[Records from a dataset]
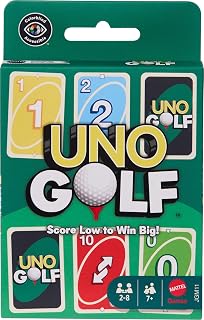 Mattel Games UNO Golf Card Game for Kid, Adult & Family Nights, Parties & Travel, 112-Card Deck, 2 to 8 Players Ages 7+ Years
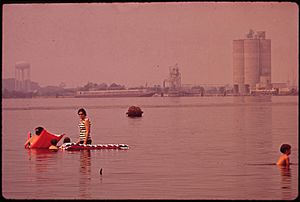 SWIMMING IN POLLUTED LAKE CHARLES. OLIN-MATHIESON PLANT IN BACKGROUND - NARA - 546145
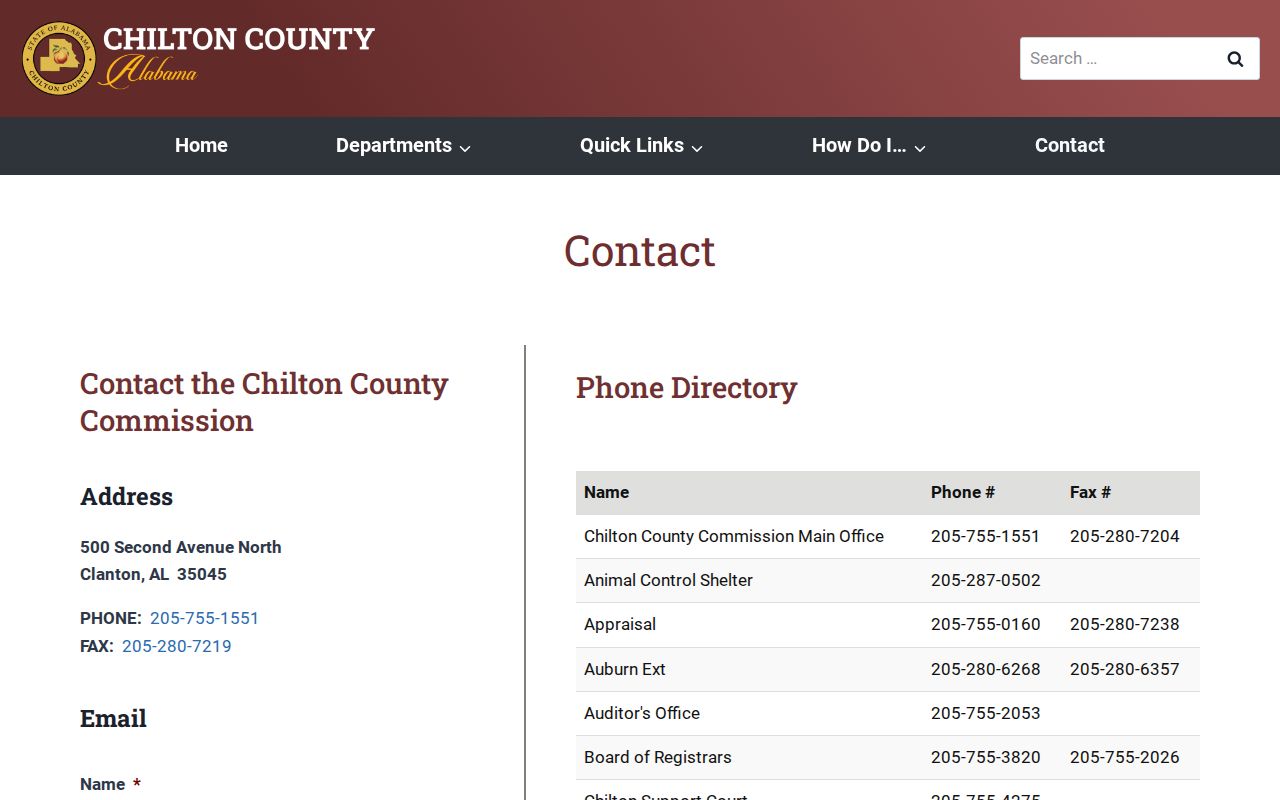 Clanton court docket county contact directory
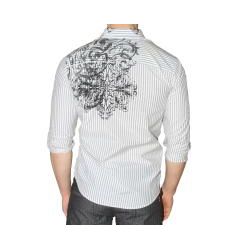 191 Unlimited Mens Pinstripe Embellished Shirt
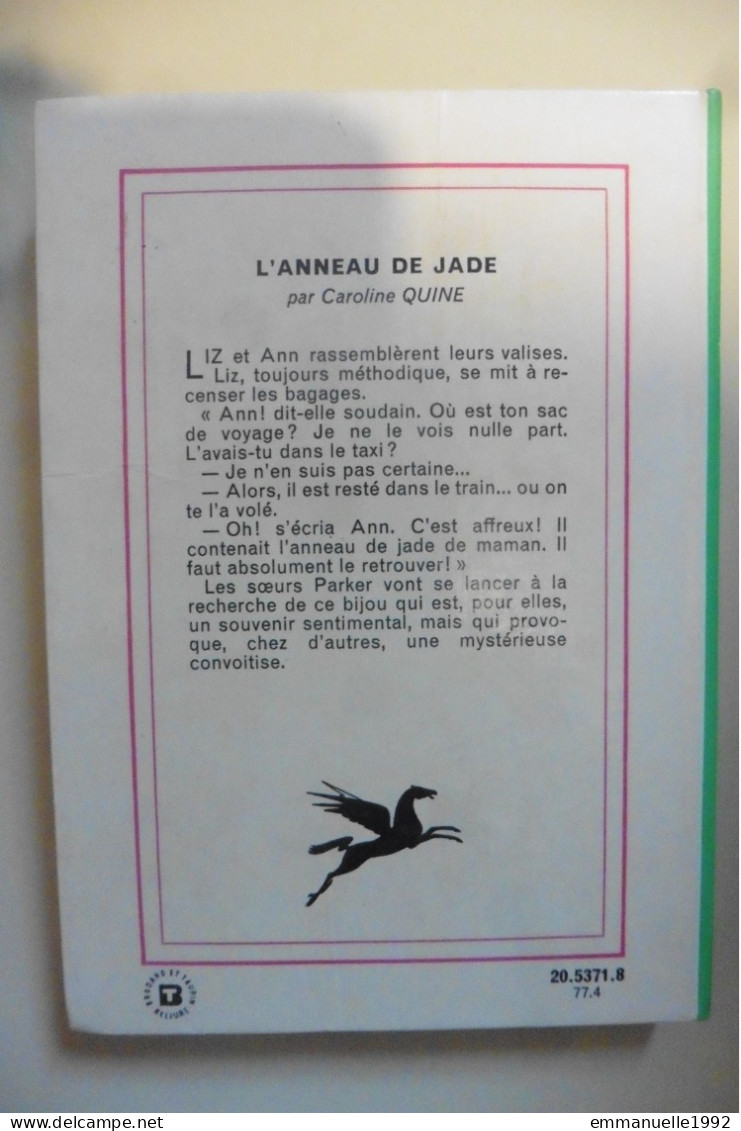 Livre Série Soeurs Parker - L'anneau De Jade Par Caroline Quine 1977 - Bibliothèque Verte - Bibliotheque Verte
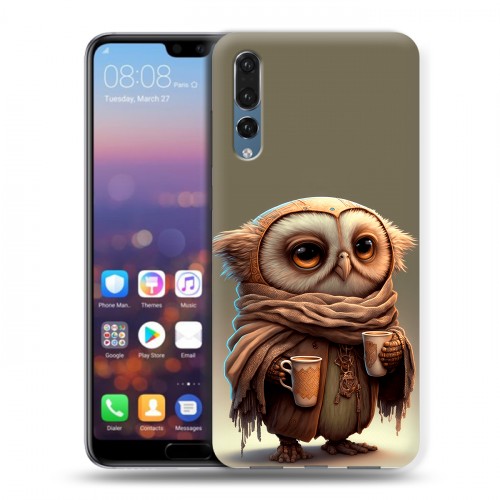 Дизайнерский силиконовый с усиленными углами чехол для Huawei P20 Pro Сова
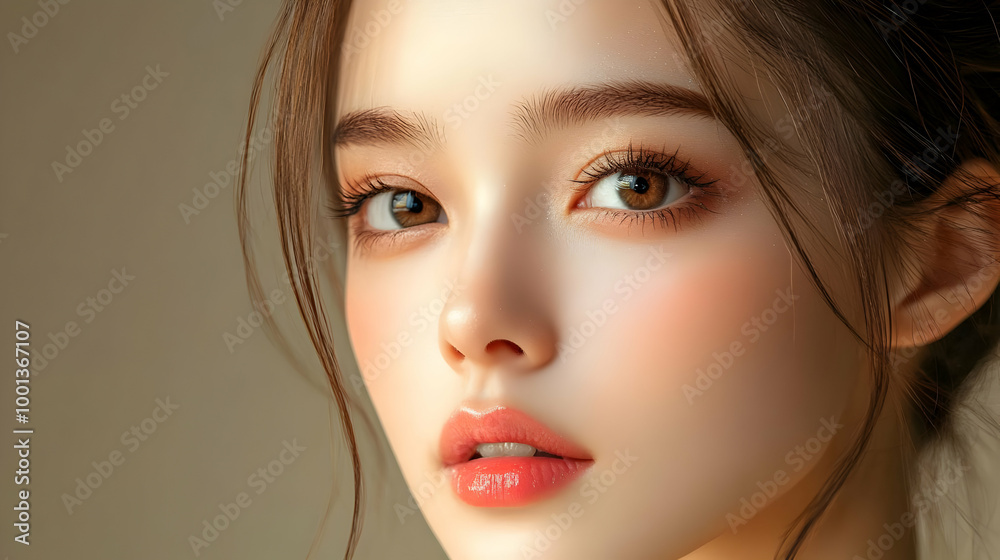 Close-Up Portrait of a Woman with Soft, Natural Makeup Close-Up Portrait of a Woman with Soft, Natural Makeup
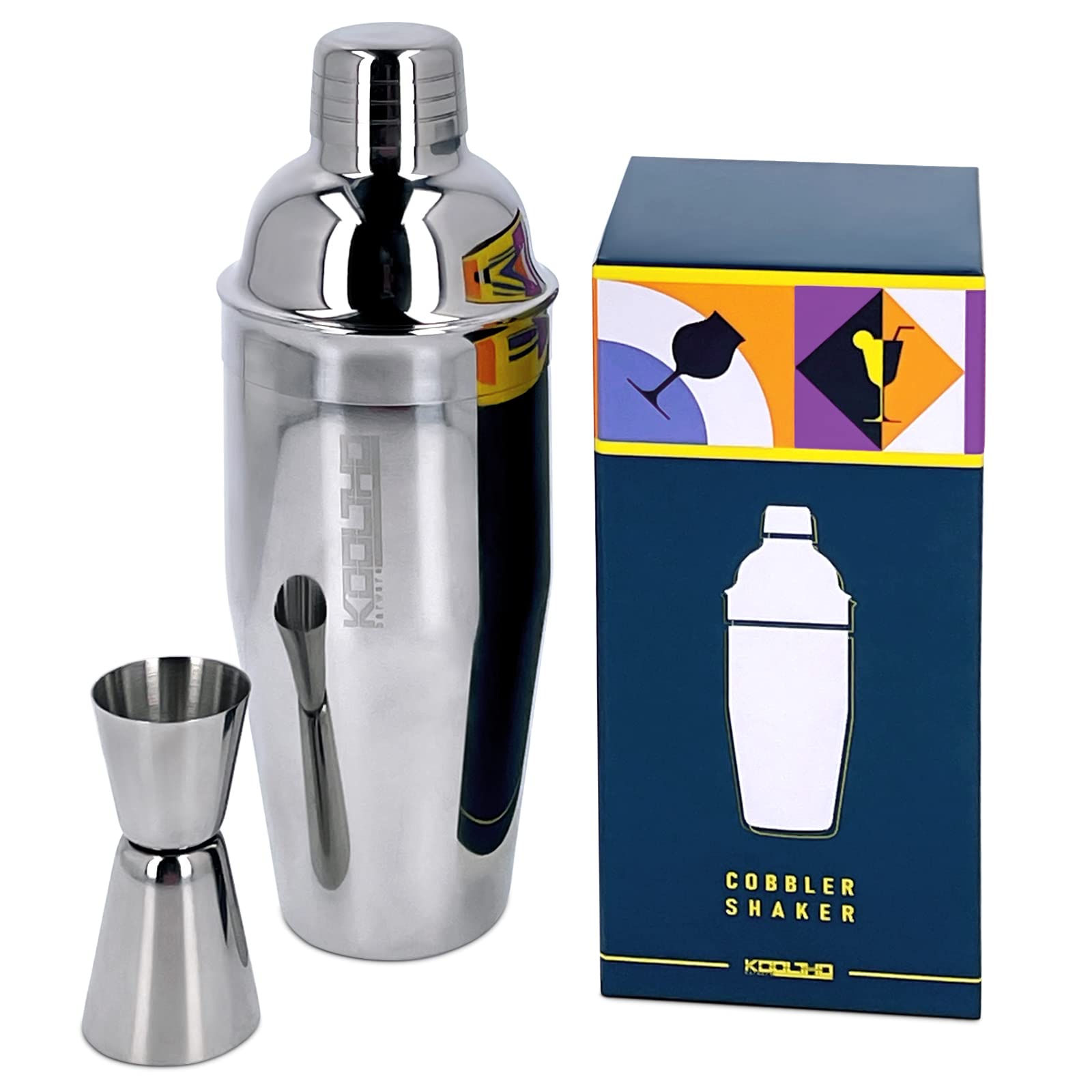 Cobbler Shaker and Cocktail Jigger Set, Professional Stainless Steel Cocktail Shaker - Single, Measuring Cup with Scale - 2cl / 4cl for Beginner Bartenders, Drink Making Utensils Dishwasher Safe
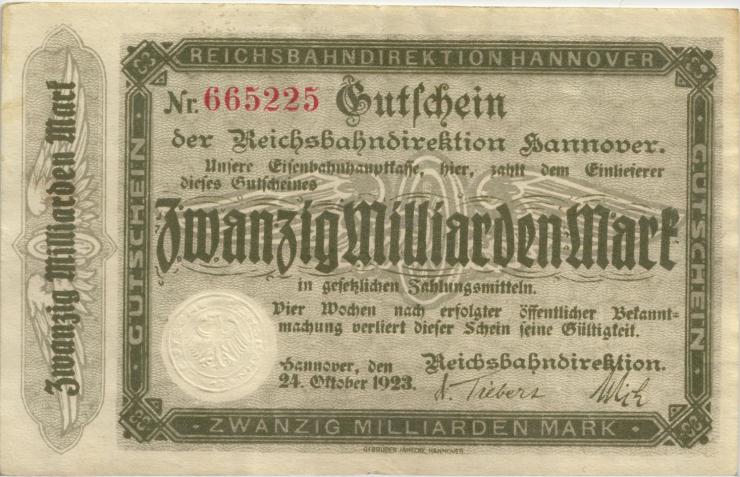 PS1256a Reichsbahn Hannover 20 Milliarden Mark 1923 (2) 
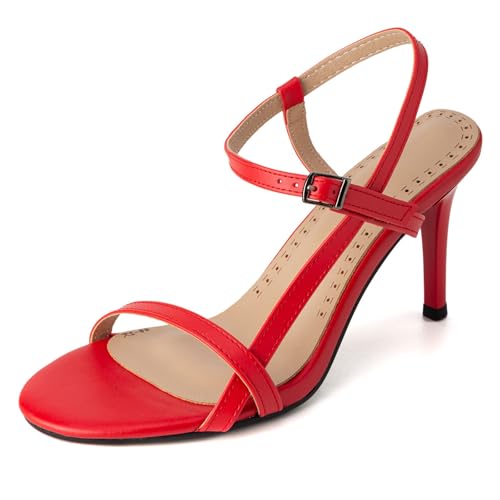 Damen Stilett Sandalen Mit Quadratspitze Schmales Knöchelband Schnallenverschluss PU Glattleder Leichte Gummisohle Mehrfarbig,Rot,48 EU Damen Stilett Sandalen Mit Quadratspitze Schmales Knöchelband Schnallenverschluss PU Glattleder Leichte Gummisohle Mehrfarbig,Rot,48 EU von Generic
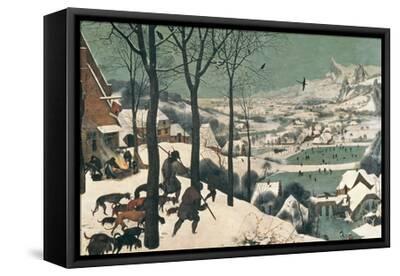 Hunters in the Snow, February, 1565 - Black Framed Canvas Print Wall Art, 18x12
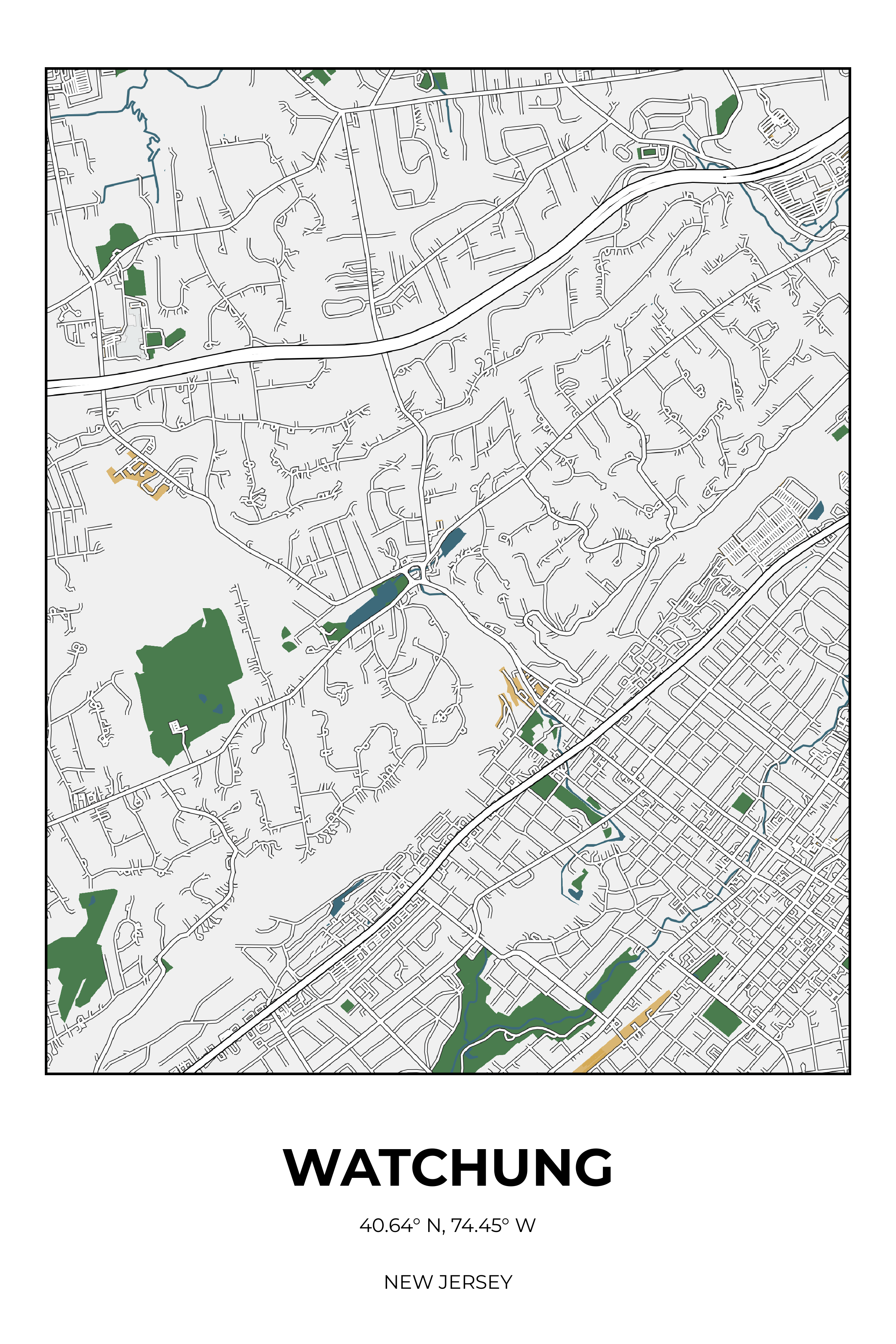 Watchung, New Jersey Detailed street map poster
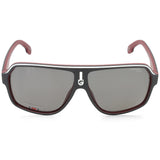 Carrera Matte Black on Red/Grey Polarised Men's Rectangular Sunglasses 1001/S BLX-M9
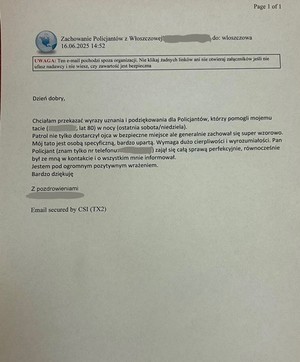 Podziękowania dla włoszczowskich funkcjonariuszy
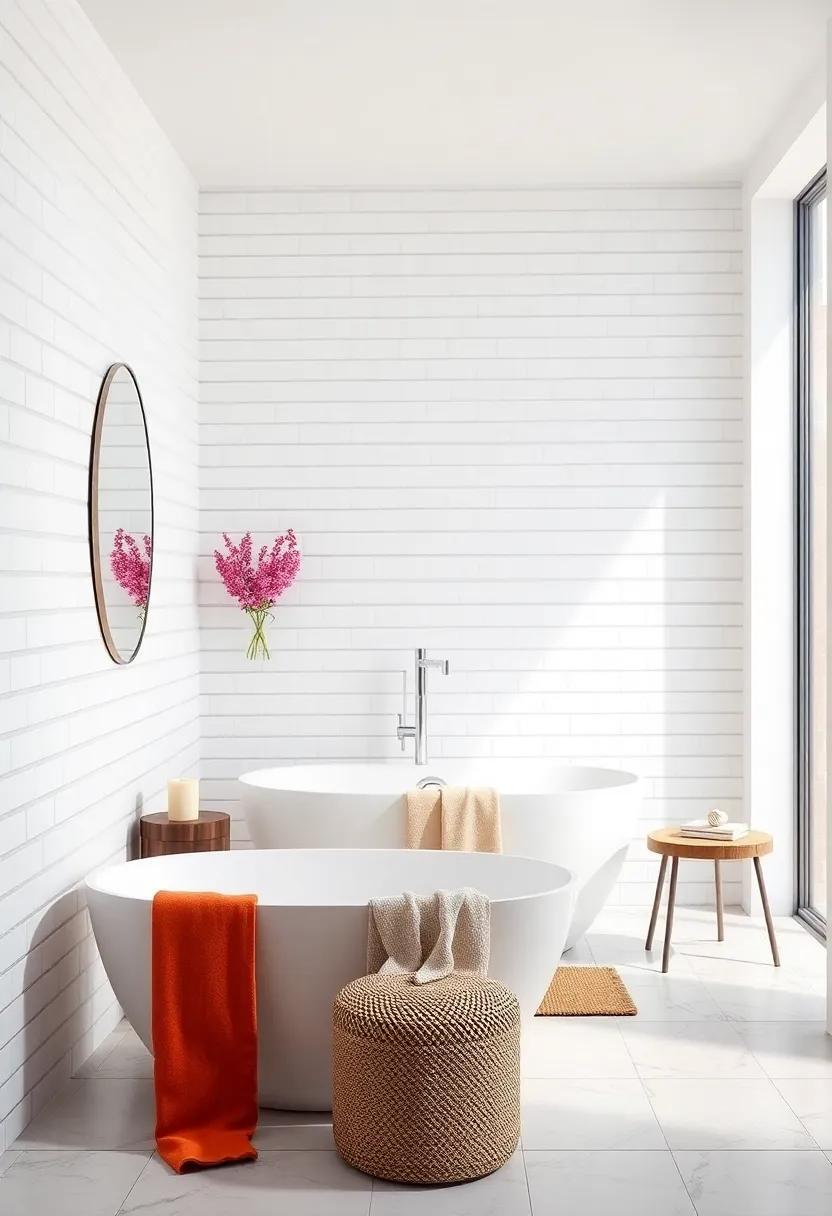 Sleek Subway Tiles: Incorporate classic white subway tiles for a timeless yet modern appeal that adds texture without overwhelming the space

_Task instructions_
When you copy the data above, keep each line exact and omit the pictures.

_Final answer_
 Mattel Games UNO Golf Card Game for Kid, Adult & Family Nights, Parties & Travel, 112-Card Deck, 2 to 8 Players Ages 7+ Years
 SWIMMING IN POLLUTED LAKE CHARLES. OLIN-MATHIESON PLANT IN BACKGROUND - NARA - 546145
 Clanton court docket county contact directory
 191 Unlimited Mens Pinstripe Embellished Shirt
 Livre Série Soeurs Parker - L'anneau De Jade Par Caroline Quine 1977 - Bibliothèque Verte - Bibliotheque Verte
 Дизайнерский силиконовый с усиленными углами чехол для Huawei P20 Pro Сова
 Close-Up Portrait of a Woman with Soft, Natural Makeup Close-Up Portrait of a Woman with Soft, Natural Makeup
 Cobbler Shaker and Cocktail Jigger Set, Professional Stainless Steel Cocktail Shaker - Single, Measuring Cup with Scale - 2cl / 4cl for Beginner Bartenders, Drink Making Utensils Dishwasher Safe
 PS1256a Reichsbahn Hannover 20 Milliarden Mark 1923 (2) 
 Damen Stilett Sandalen Mit Quadratspitze Schmales Knöchelband Schnallenverschluss PU Glattleder Leichte Gummisohle Mehrfarbig,Rot,48 EU Damen Stilett Sandalen Mit Quadratspitze Schmales Knöchelband Schnallenverschluss PU Glattleder Leichte Gummisohle Mehrfarbig,Rot,48 EU von Generic
 Hunters in the Snow, February, 1565 - Black Framed Canvas Print Wall Art, 18x12
 Watchung, New Jersey Detailed street map poster
 Carrera Matte Black on Red/Grey Polarised Men's Rectangular Sunglasses 1001/S BLX-M9
 Podziękowania dla włoszczowskich funkcjonariuszy
 Sleek Subway Tiles: Incorporate classic white subway tiles for a timeless yet modern appeal that adds texture without overwhelming the space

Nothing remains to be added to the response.